Downtown Development Gets Boost


Watkins, Ludlum, Winter & Stennis are moving their offices from State Street to a planned building at Jackson Place, effectively replacing the firm originally slated to serve as anchor to the development. The move puts the development tentatively known as "2 Jackson Place" back in production and sets the ribbon-cutting for 2009.

The project had been moving along until two months ago, when its anticipated anchor business, the law firm Butler, Snow, O'Mara, Stevens & Cannada, got seduced to the distant hills of Ridgeland. That firm now plans to relocate to Colony Park in 2009, much to the outrage of City Council members, who then cancelled the firm's contract with the city.

Certified public accounting firm Horne CPA is also moving to the same mixed-use development as Butler, Snow & O'Mara, costing the city a combined 300 jobs.

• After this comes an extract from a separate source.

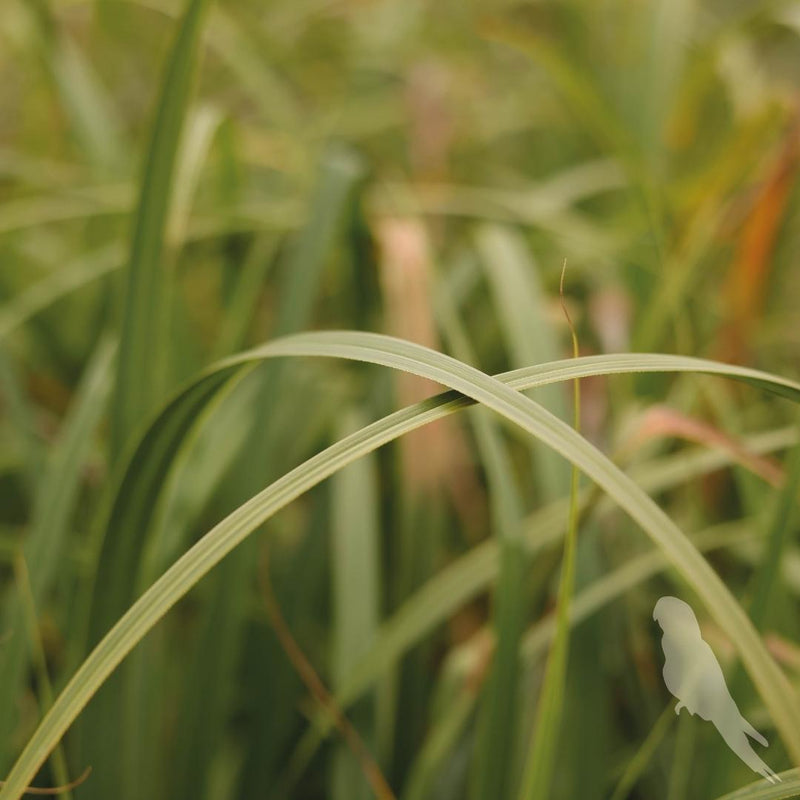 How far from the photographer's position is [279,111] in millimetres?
907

Both are abandoning offices at the AmSouth Building, a central spot for downtown business, after caving to bargains from Barksdale Management Corp. and H.C. Bailey Cos., which co-owns Renaissance at Colony Park.

Preceding that departure, however, are Cellular South and Merrill Lynch, who will also be joining the latter two at the same development.

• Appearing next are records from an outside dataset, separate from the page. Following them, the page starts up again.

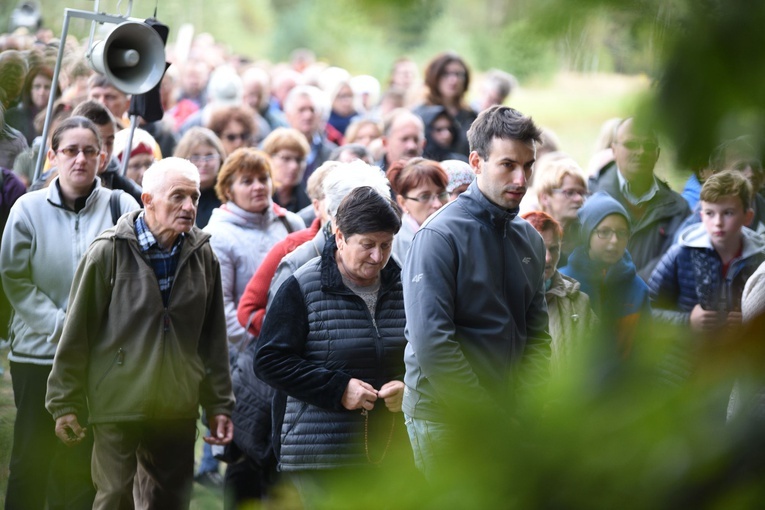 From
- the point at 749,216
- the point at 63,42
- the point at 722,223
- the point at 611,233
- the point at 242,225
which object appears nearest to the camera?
the point at 611,233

Andrew Mattiace, of The Mattiace Company, which is handling real estate for the project, would not comment on whether Renaissance was bringing in new business to the metro area or merely parasitizing pre-existing firms, but Downtown Jackson Partners President John Lawrence said the departure of the two firms will leave a vacancy in the AmSouth Building in 2009.

"We'll have a lot of work to do to fill up Amsouth Plaza and the Landmark Center, and in the Trustmark Building, where (law firm) Brunini (Granthum, Grower & Hewes) will be moving out of, so for the next five years we're really got to work hard to fill some of this existing space," Lawrence said.

Still, the city is off to a fine recovery with Watkins, Ludlum, Winter & Stennis moving their staff of 70 attorneys to a building slated to occupy the empty space beside One Jackson Place in 2009. The new building, developed by Parkway Properties Inc., will sit in an area normally occupied by thousands of partygoers during the annual Jubilee Jam.

Parkway properties CEO Steve Rogers offered no indication of the Watkins, Ludlum decision days ahead of the official announcement on Oct. 16, even to assuage growing concerns surrounding the Butler, Snow derailment.

"We're a very careful company, and I don't feel like we should announce things that aren't thoroughly done, put to bed, thought out and financed. We'll make this a reality now, though. We're going to absolutely make it happen," he said, adding that Trustmark National Bank is also planning to take up some space on the ground floor of the new building.

Brunini, Grantham, Grower & Hughes is also slated to occupy office space in the new building—vacating offices in the Trustmark Building. Rogers said that other firms are kicking around the idea of packing up and moving to the new spot, though he remains cautious about naming names.

"There are some professional firms that are getting some internal approvals that'll be forthcoming (sometime soon), so I can't pre-announce those for them," Rogers said.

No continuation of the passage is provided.